Sepsis is a toxic condition resulting from the spread of bacteria or their products from a focus of infection, especially septicemia. According to the Centers for Disease Control (CDC), septicemia is a leading cause of death in the United States, especially among the elderly. Death can occur in 40% to 60% of the patients with septicemia. It has been estimated that some five hundred thousand cases of sepsis occur annually in the United States. Accordingly, methods for detecting conditions indicative of sepsis would have significant use in medical practice.
Currently, sepsis remains an elusive therapeutic target. Pharmaceutical companies have developed potential therapeutics for action against sepsis-causing bacterial components and against chemical signaling molecules in inflammatory and coagulation pathways. Agents such as monoclonal antibodies and antagonists of tumor necrosis factor (TNF) have been developed for treatment of sepsis, but not with great success. Scavengers of nitric oxide (NO) have also been proposed since nitric oxide has been implicated as a mediator in the inflammatory cascade that leads to shock. Coagulation pathway molecules such as LACI or TFPI have been developed for treatment of sepsis and septic shock as disclosed, e.g., in PCT International Applications WO 93/241,143, published Dec. 9, 1993, and WO 93/252,230, published Dec. 23, 1993. Most recently a human-activated protein C, which is a vitamin K dependent protein of blood plasma, has been produced by recombinant DNA and reported to be clinically studied with effective results against sepsis, Bernard et al., New England Journal of Medicine, Vol. 344, pp. 699-709, March 2001. The latter drug has been designated with the name “Xigris.”

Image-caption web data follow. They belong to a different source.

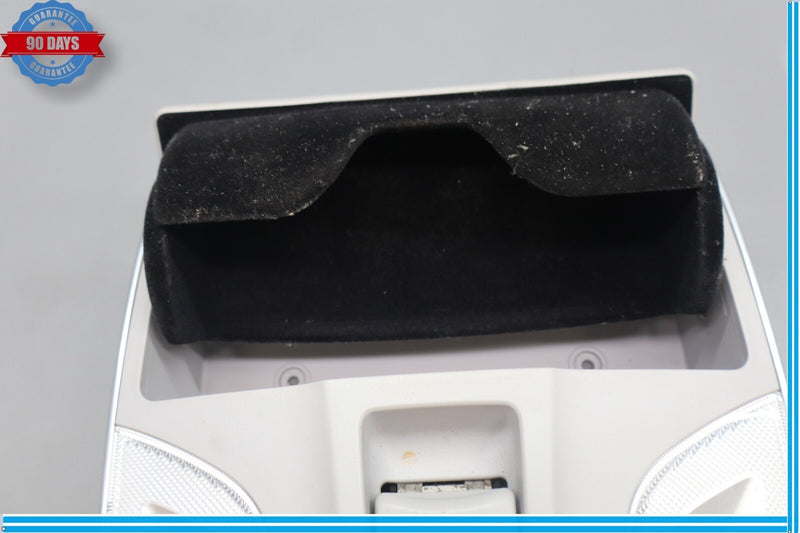 Load image into Gallery viewer, 11-16 Hyundai Equus Front Overhead Dome Light Sunroof Switch 9281003NXXX Oem
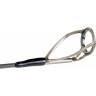 Удилище SHIMANO TRIBAL TX-4 12 300 TX412300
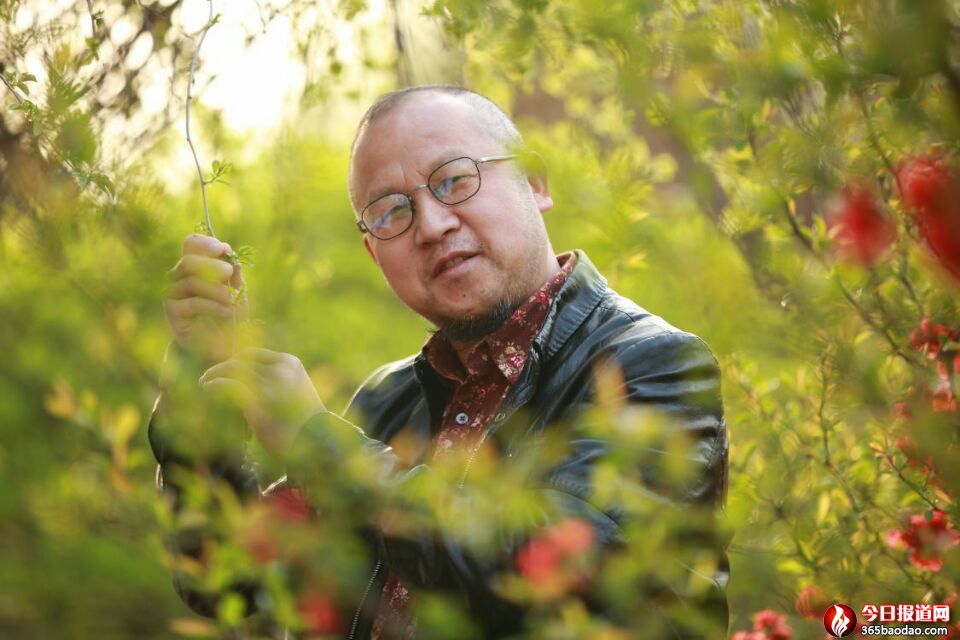  ͦ�����Ї������~)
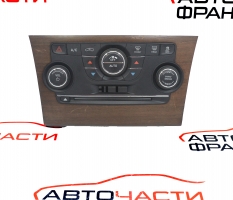 Панел климатроник Lancia Thema 3.0 CRD 239 конски сили 1UW96AAAAA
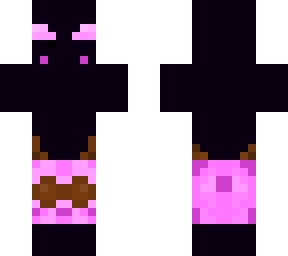final destination armor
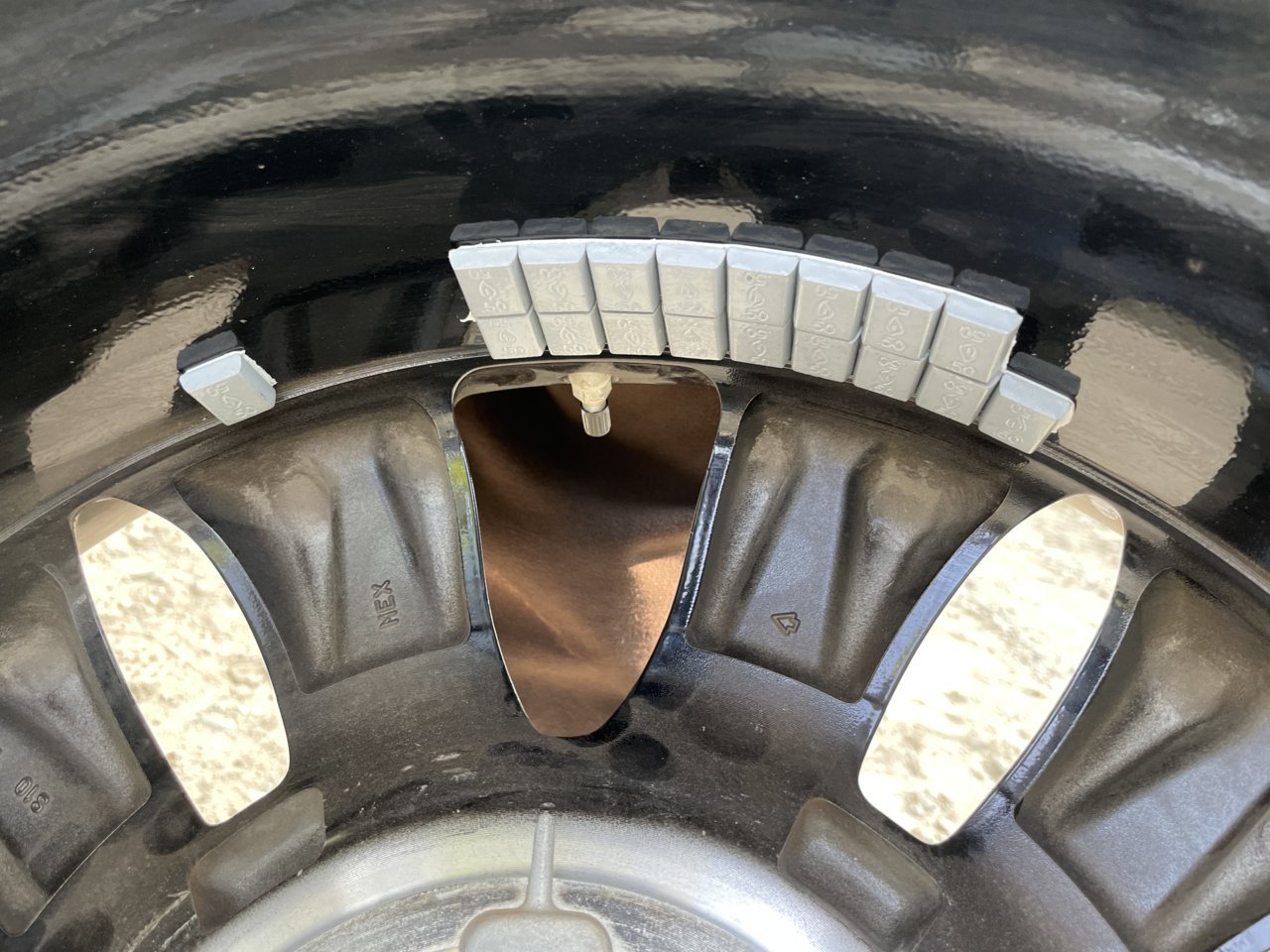 B7788E80-EDF7-4CE4-B408-EFBDF5E28E5C.jpg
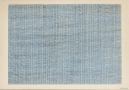 ALBERTO BARDI - Untitled, 1974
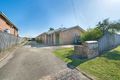 Property photo of 2/393 Bridge Road West Mackay QLD 4740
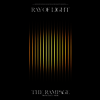 The Rampage From Exile Tribe (더 램페이지) - Ray Of Light (CD+Blu-ray)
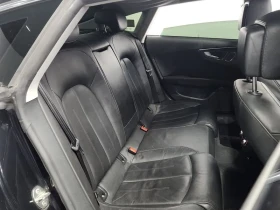 Audi A7 3.0 TDI Quattro, снимка 12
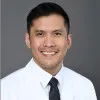 Brian Wong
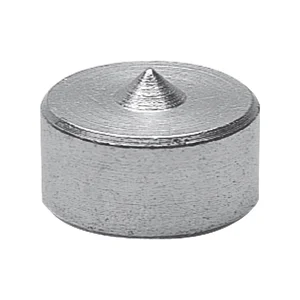 BLUM Körner Universal, Stahl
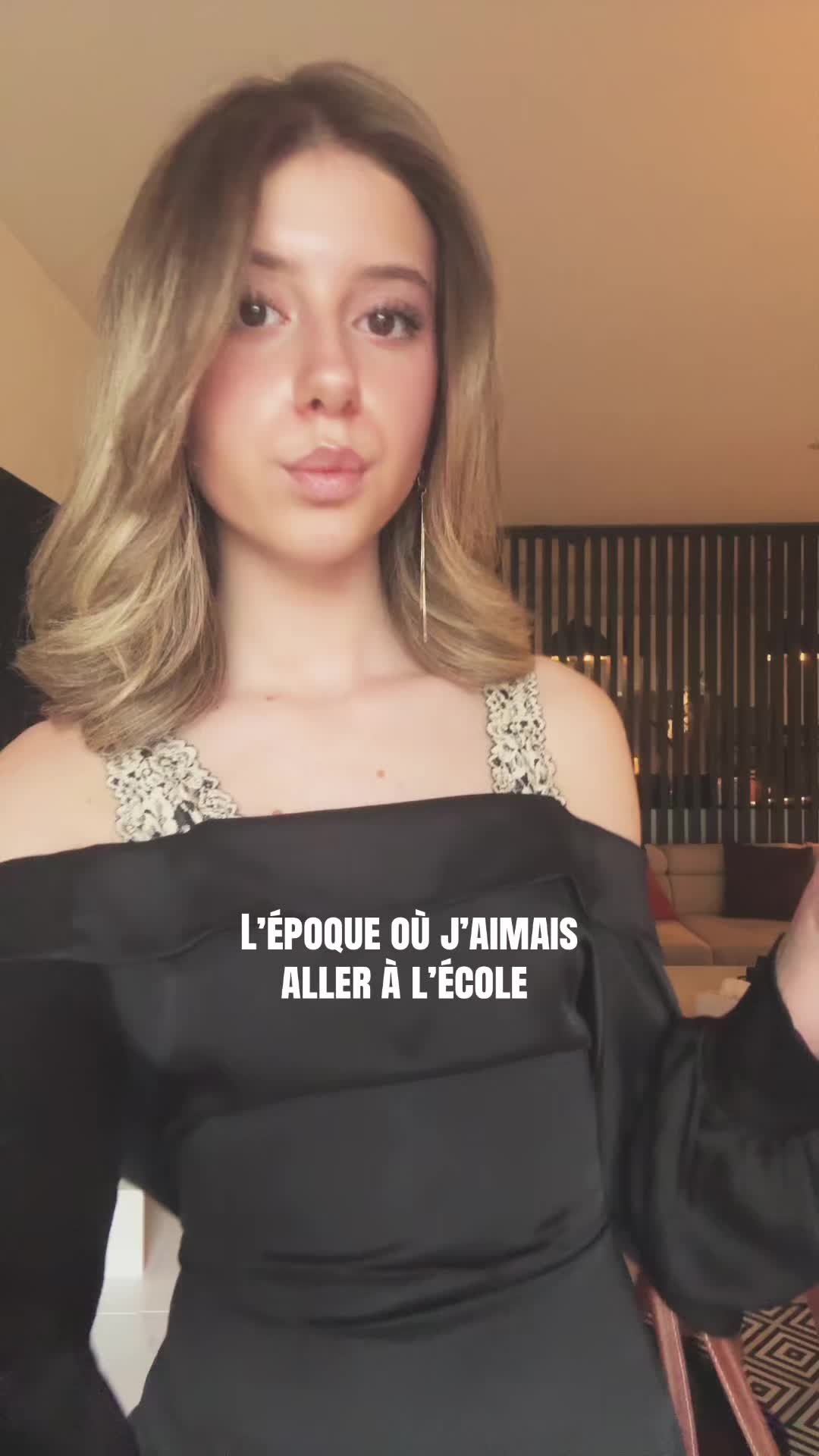 @Aylin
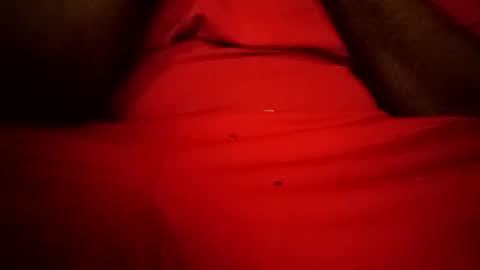 Saucy papi online show from January 20, 5:04 am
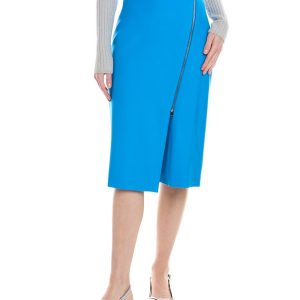Hugo Boss Vemboka3 Pencil Röcke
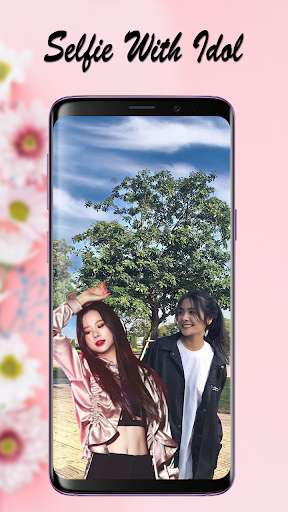 Run android online APK Photoshoot With Solji (EXID) from MyAndroid or emulate Photoshoot With Solji (EXID) using MyAndroid Run android online APK Photoshoot With Solji (EXID) from MyAndroid or emulate Photoshoot With Solji (EXID) using MyAndroid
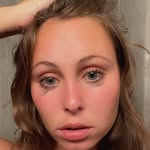 dianeraymond - @dianeraymond507 - Instagram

For treatment of sepsis, good identifying or diagnostic markers to predict which patients can benefit from therapy and to monitor the response to treatment during infection are in great need.
Oxidants are thought to be key components of the neutrophil host defense system (ref. 1). Upon contact with a pathogen, neutrophils produce a respiratory burst characterized by intense uptake of oxygen. The resulting superoxide dismutates into hydrogen peroxide (H2O2) (ref. 2). The toxicity of H2O2 is greatly enhanced by the heme enzyme myeloperoxidase, which uses H2O2 to convert chloride (Cl−) into hypochlorous acid (HOCl) (refs. 3-8).Cl−+H2O2+H+→HOCl+H2ORemarkably, myeloperoxidase is the only mammalian enzyme known to oxidize Cl− to HOCl at plasma concentrations of halide (refs. 3-6).
Chloride is considered the major halide used by myeloperoxidase. Bromide (Br−) has attracted little attention because its extracellular concentration is at least 1,000-fold lower than that of Cl− (plasma [Cl−] 100 mM, plasma [Br−] 20-100 μM) (ref. 9). However, brominating intermediates such as HOBr are also potent antimicrobial oxidants in vitro (refs. 10,11).
It has been recently demonstrated that myeloperoxidase can both chlorinate and brominate nucleobases at plasma levels of halide (ref. 12). In the reaction pathway, myeloperoxidase initially produces HOCl, which reacts with Br− to generate brominating intermediates (ref. 12). It has not been established heretofore whether this brominating pathway is physiologically relevant.
It also has not been known heretofore whether the myeloperoxidase system is cytotoxic to bacteria in vivo, though myeloperoxidase-deficient mice are susceptible to fungal infection (refs. 13,14).